Implementation:Ggml org Llama cpp Server Main
| Field | Value |
|---|---|
| Implementation Name | Server Main |
| Doc Type | Wrapper Doc |
| Domain | Server Lifecycle, Process Entry Point |
| Description | Server main function implementing startup sequence: parameter validation, HTTP binding, model loading, route registration, and event loop |
| Related Workflow | OpenAI_Compatible_Server |
Overview
Description
The Server Main implementation is the entry point for the llama-server process. It orchestrates the complete server lifecycle from argument parsing through graceful shutdown. The function supports two operational modes: single-model mode (direct inference) and router mode (multi-model proxy), determined by whether a model path is provided.
Usage
The main function is invoked when the llama-server binary is executed:
# Single-model mode
llama-server --model model.gguf --host 0.0.0.0 --port 8080
# Router mode (no model path - experimental)

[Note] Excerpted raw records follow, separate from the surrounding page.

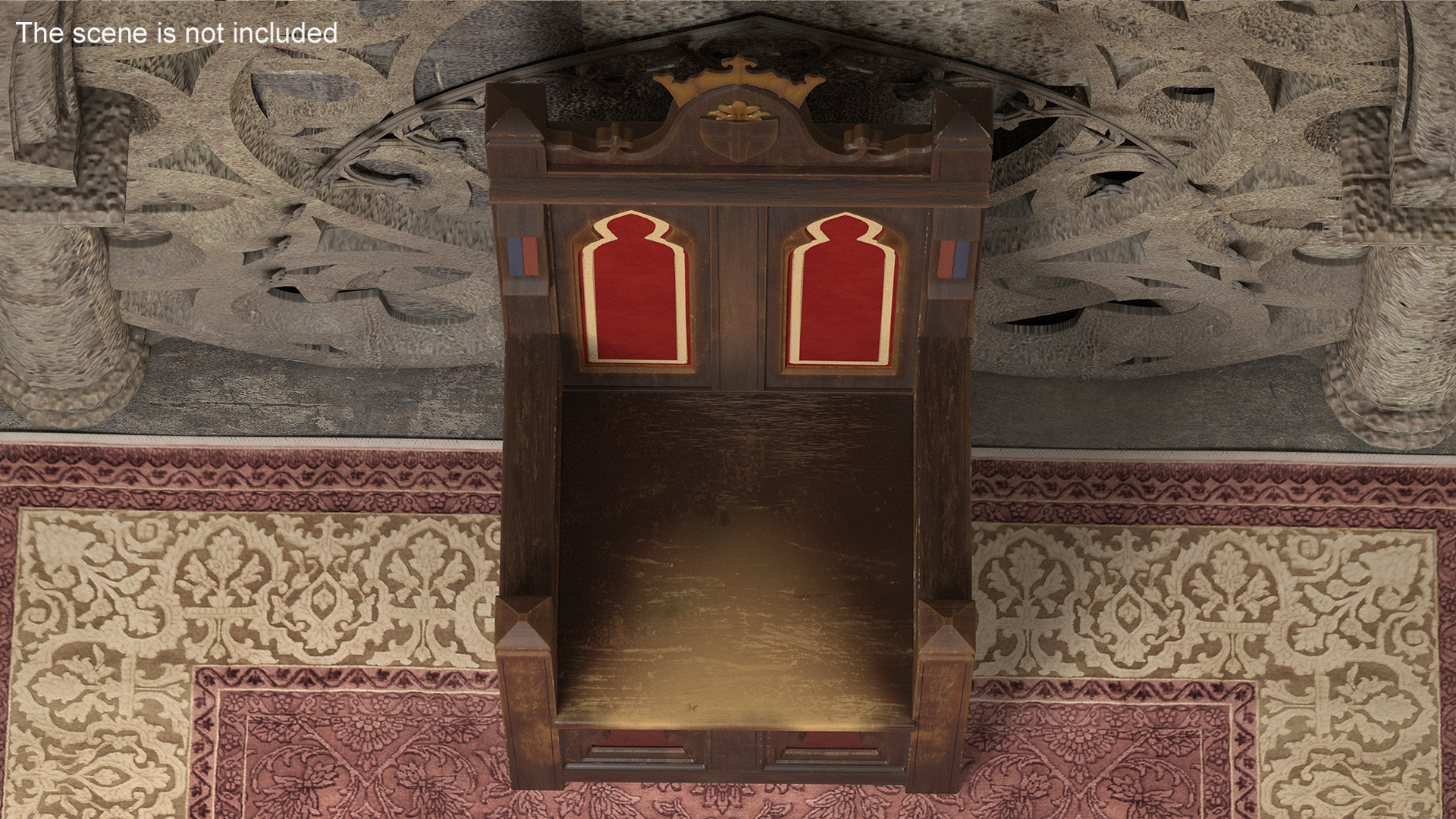3D Vintage Wooden Throne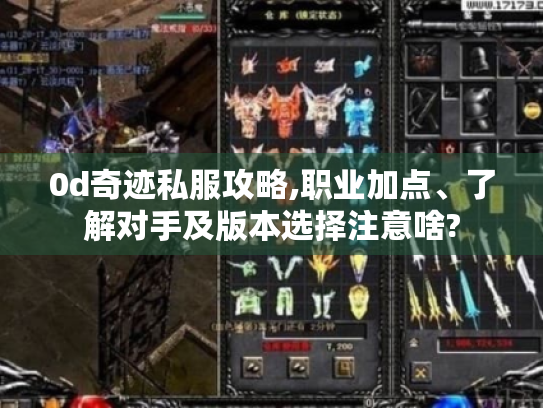 0d奇迹私服攻略,职业加点、了解对手及版本选择注意啥? 0d奇迹私服攻略,职业加点、了解对手及版本选择注意啥?
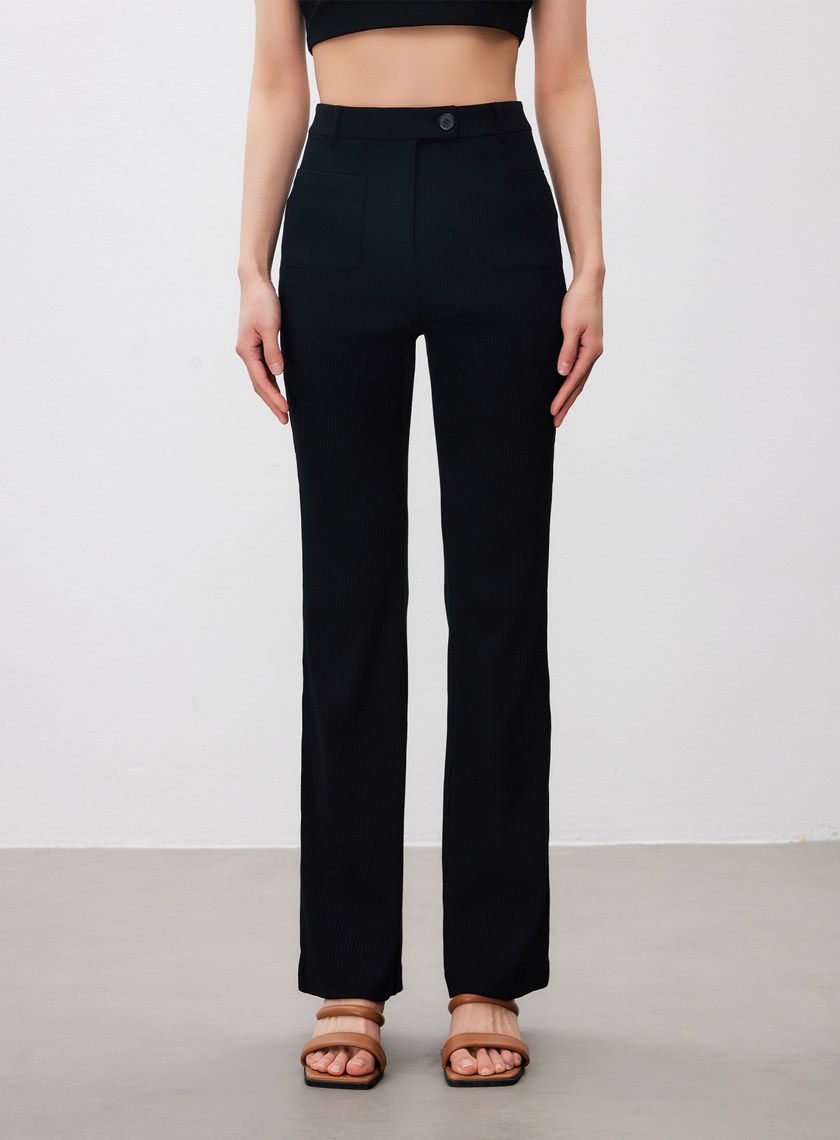 彈性針織喇叭褲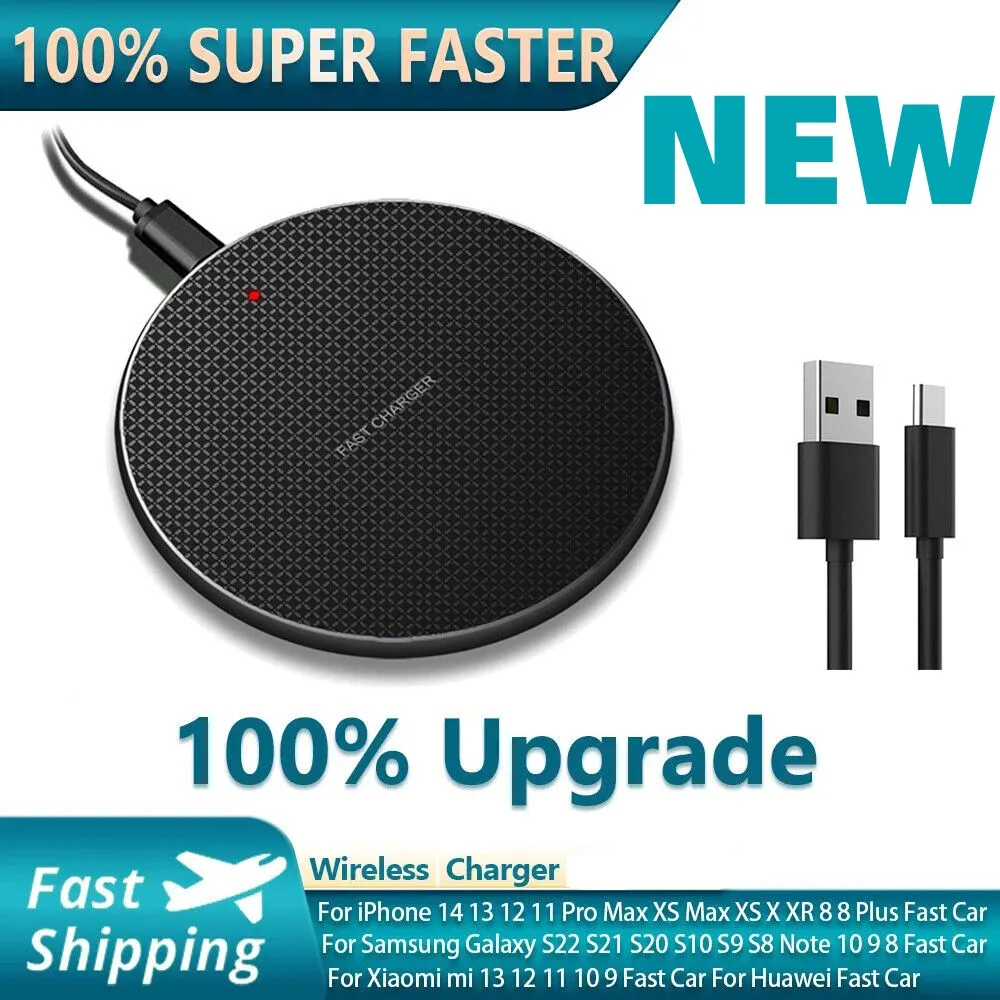 10W Round Wireless Charger USB C Fast Charging Pad Quick Charge QC For iPhone 15 14 13 12 11 XS XR X Huawei Samsung S22 S21 S20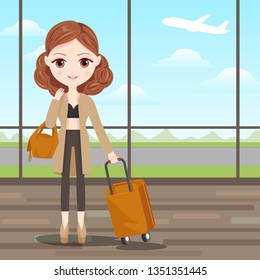 Lovely Girl Ready for Travel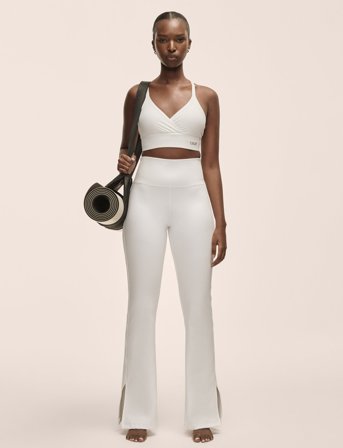 Casall Grace Flare Slit Pant - White - M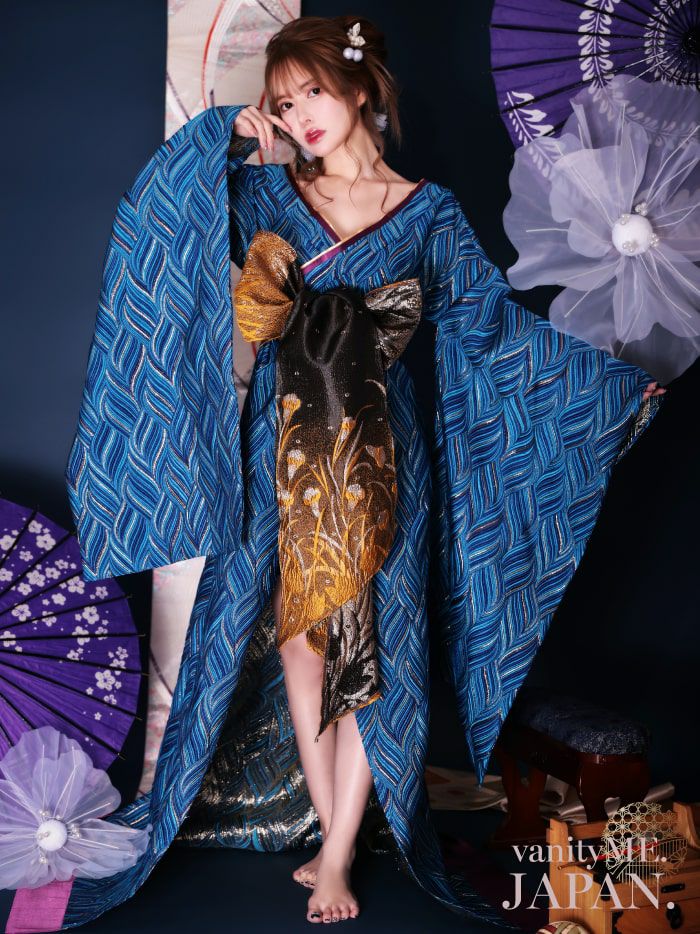 2点セット】花魁コスチューム 青 和柄 本格和装 着物 花魁ドレス vcsot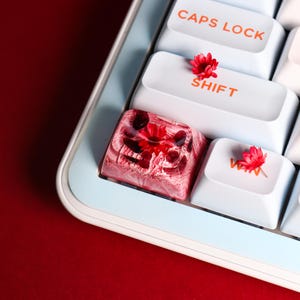 Peut inclure: Gros plan sur un clavier avec des touches blanches et un cadre bleu clair. Une touche est une conception personnalisée avec une fleur rouge intégrée dans une résine rose. D'autres touches ont du texte orange et de petites fleurs rouges.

llama-server --host 0.0.0.0 --port 8080
Code Reference
| Field | Value |
|---|---|
| Source Location | tools/server/server.cpp:69-322
|
| Signature | int main(int argc, char ** argv)
|
| Import | Entry point; links against server-context, common, cpp-httplib
|
Parameter validation and backend initialization:
int main(int argc, char ** argv) {
common_params params;
if (!common_params_parse(argc, argv, params, LLAMA_EXAMPLE_SERVER)) {
return 1;
}
// validate batch size for embeddings
if (params.embedding && params.n_batch > params.n_ubatch) {
LOG_WRN("%s: setting n_batch = n_ubatch = %d to avoid assertion failure\n", __func__, params.n_ubatch);
params.n_batch = params.n_ubatch;
}
if (params.n_parallel < 0) {
params.n_parallel = 4;
params.kv_unified = true;
}
common_init();
server_context ctx_server;
llama_backend_init();
llama_numa_init(params.numa);
HTTP server initialization and route registration:
server_http_context ctx_http;
if (!ctx_http.init(params)) {
return 1;
}
server_routes routes(params, ctx_server);
// Register all API routes
ctx_http.get ("/health", ex_wrapper(routes.get_health));
ctx_http.get ("/metrics", ex_wrapper(routes.get_metrics));
ctx_http.post("/v1/chat/completions", ex_wrapper(routes.post_chat_completions));
ctx_http.post("/v1/completions", ex_wrapper(routes.post_completions_oai));
ctx_http.post("/v1/embeddings", ex_wrapper(routes.post_embeddings_oai));
ctx_http.post("/v1/responses", ex_wrapper(routes.post_responses_oai));
ctx_http.post("/v1/messages", ex_wrapper(routes.post_anthropic_messages));
// ... additional routes
Model loading and main loop (single-model mode):
// Start HTTP server before model loading (enables /health during load)
if (!ctx_http.start()) {
clean_up();
return 1;
}
// Load the model
if (!ctx_server.load_model(params)) {
clean_up();
return 1;
}
routes.update_meta(ctx_server);
ctx_http.is_ready.store(true);
// Enter blocking main loop
ctx_server.start_loop();
clean_up();
Signal handling:
#if defined (__unix__) || (defined (__APPLE__) && defined (__MACH__))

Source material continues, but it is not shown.